Ganaron el odio a las Farc y la ficción aquella de que el voto por el Sí sentaría al punto a Timochenko en la silla presidencial, e implantaría el castrochavismo en Colombia. Ganó el expresidente Uribe silla primera en una eventual renegociación de paz. Ganó el Centro Democrático posibilidades ciertas de disputarse la presidencia en 2018. Ganó espacio la contrapropuesta de la ultraderecha al programa de cambio rural y ampliación de la democracia que el acuerdo de La Habana incorporaba. Reformas capaces de desactivar la bomba social que reverbera en la desigualdad sin esperanza y es caldo de cultivo para cualquier solución heterodoxa. Si logra esa fuerza política imponerse contra ellas, le habrá despejado el camino al castrochavismo. No son los Rodrigo Londoño, Timochenko ayer, quienes puedan encarnar esa amenaza. Esta se sazona es en la impaciencia del país vejado en la injusticia, hoy en rebeldía contra el miedo que lo paralizaba. Un proyecto tal en cabeza de su único doliente, el partido de las Farc con 4% de favorabilidad política, no tiene porvenir. Además, no pega aquí el castrochavismo que germinó en las particulares condiciones de Venezuela.

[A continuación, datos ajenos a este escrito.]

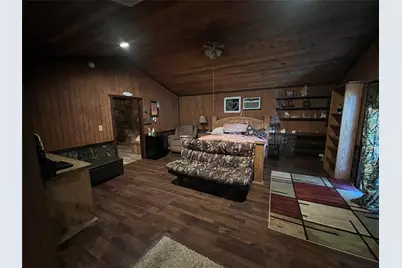 350 Oak Ridge Street, Cleveland, TX 77328 - Photo 19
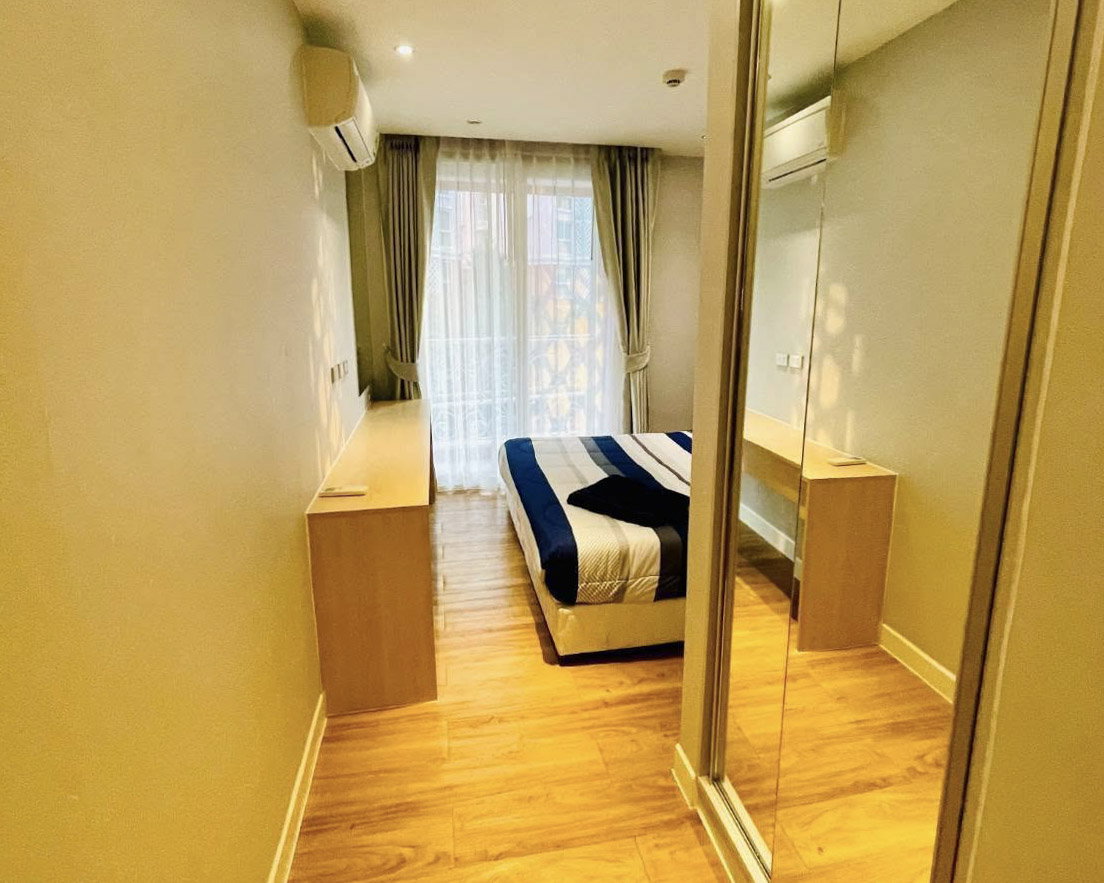 picture Pool Access Condo for Rent Grande Caribbean Condo Resort - 5/10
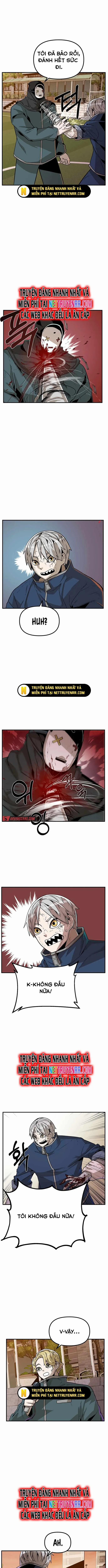 Thiết Quyền Khoan 7 trang 7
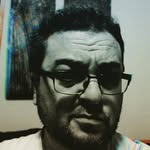 Ben Jacques - @ben.jacques.14 - Instagram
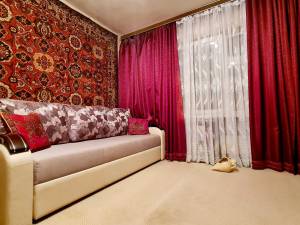 Квартира W-7376412, Черновола Вячеслава, 10, Киев - Фото 6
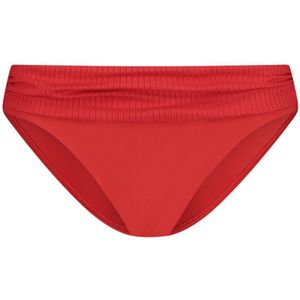 Cyell Bikinibroekje Rood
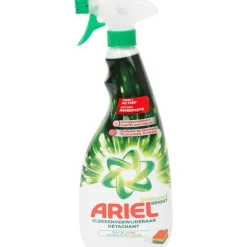 Afwas- & Wasmiddelen>Ariel Vlekverwijderaar Diamond Bright
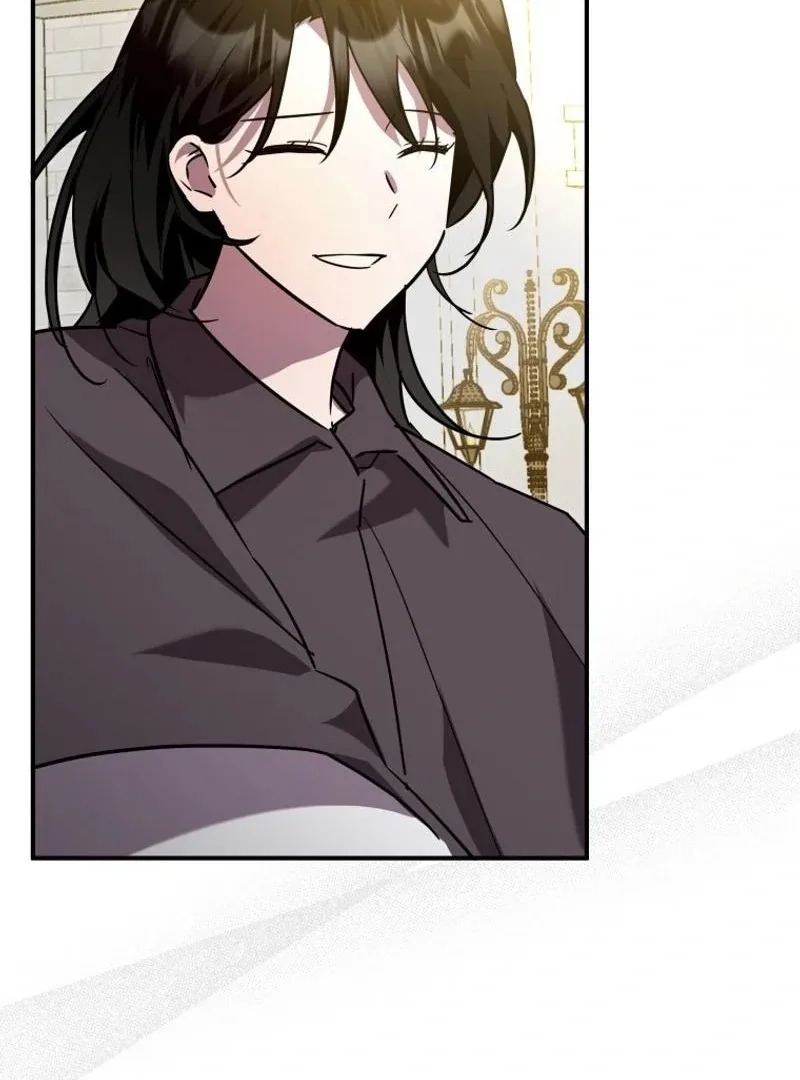 I'm a Solo Guide Chapter 37 page 66
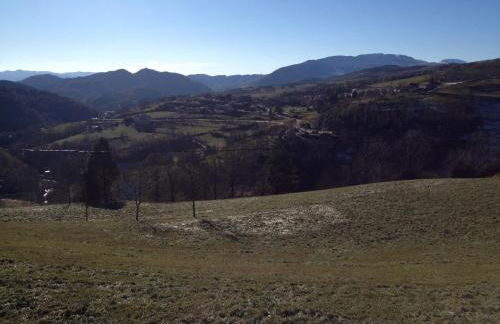 Casa Rural Mollo, Vall de Camprodon - Foto 50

El No, opción que una dirigencia de extrema derecha vendió como panacea para la patria, niega el cambio democrático y gradual que Colombia pide a gritos, y propicia así un estallido social que desemboque en el régimen de marras. Con pretexto de amenaza marxista, exacerbó el uribismo el imaginario anticomunista de la Guerra Fría, en esta democracia de mentirijillas que lo mismo elige al brazo político del narcoparamilitarismo que le niega, inflexible, un espacio a la opción socialista que discurre en la legalidad.

Es que la sociedad se despabila. A la voz de paz y democracia, tras una vida de sufrimiento y rabia contenida, renace, verbigracia, el movimiento campesino, tras el aplastamiento de la ANUC. Y otra sacudida emblemática: la población LGBTI da la cara, conquista en pocos años todos sus derechos; y se deja representar en el coraje de dos parlamentarias y dos ministras que se presentan ante el mundo como pareja. Viene esta comunidad de ser blanco de limpieza social, vergonzoso método de profilaxis en sociedades enfermas. Logros impensables en un país donde un pastor cristiano denuncia la llegada del Anticristo vomitando desde La Habana lenguas de fuego para imponernos una dictadura gay; donde otros de su estirpe amenazan con cambiar la Biblia por el fusil, si gana el Sí a la paz.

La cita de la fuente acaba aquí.